#### [Supplied information]
'''

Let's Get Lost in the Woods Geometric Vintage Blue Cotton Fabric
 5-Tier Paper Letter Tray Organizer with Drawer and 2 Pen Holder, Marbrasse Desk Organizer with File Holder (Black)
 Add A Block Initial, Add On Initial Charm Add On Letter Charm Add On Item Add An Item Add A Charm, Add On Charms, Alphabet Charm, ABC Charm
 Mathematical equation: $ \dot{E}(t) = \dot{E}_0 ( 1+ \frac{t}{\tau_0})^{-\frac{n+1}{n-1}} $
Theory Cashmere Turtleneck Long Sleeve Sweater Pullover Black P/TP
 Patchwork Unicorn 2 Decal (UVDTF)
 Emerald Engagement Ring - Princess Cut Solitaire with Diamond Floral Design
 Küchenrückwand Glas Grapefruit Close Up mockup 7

'''

#### [Aim of the task]
Everything above, from first entry to last, must be reproduced exactly.

#### [Task solution]
Let's Get Lost in the Woods Geometric Vintage Blue Cotton Fabric
 5-Tier Paper Letter Tray Organizer with Drawer and 2 Pen Holder, Marbrasse Desk Organizer with File Holder (Black)
 Add A Block Initial, Add On Initial Charm Add On Letter Charm Add On Item Add An Item Add A Charm, Add On Charms, Alphabet Charm, ABC Charm
 Mathematical equation: $ \dot{E}(t) = \dot{E}_0 ( 1+ \frac{t}{\tau_0})^{-\frac{n+1}{n-1}} $
Theory Cashmere Turtleneck Long Sleeve Sweater Pullover Black P/TP
 Patchwork Unicorn 2 Decal (UVDTF)
 Emerald Engagement Ring - Princess Cut Solitaire with Diamond Floral Design
 Küchenrückwand Glas Grapefruit Close Up mockup 7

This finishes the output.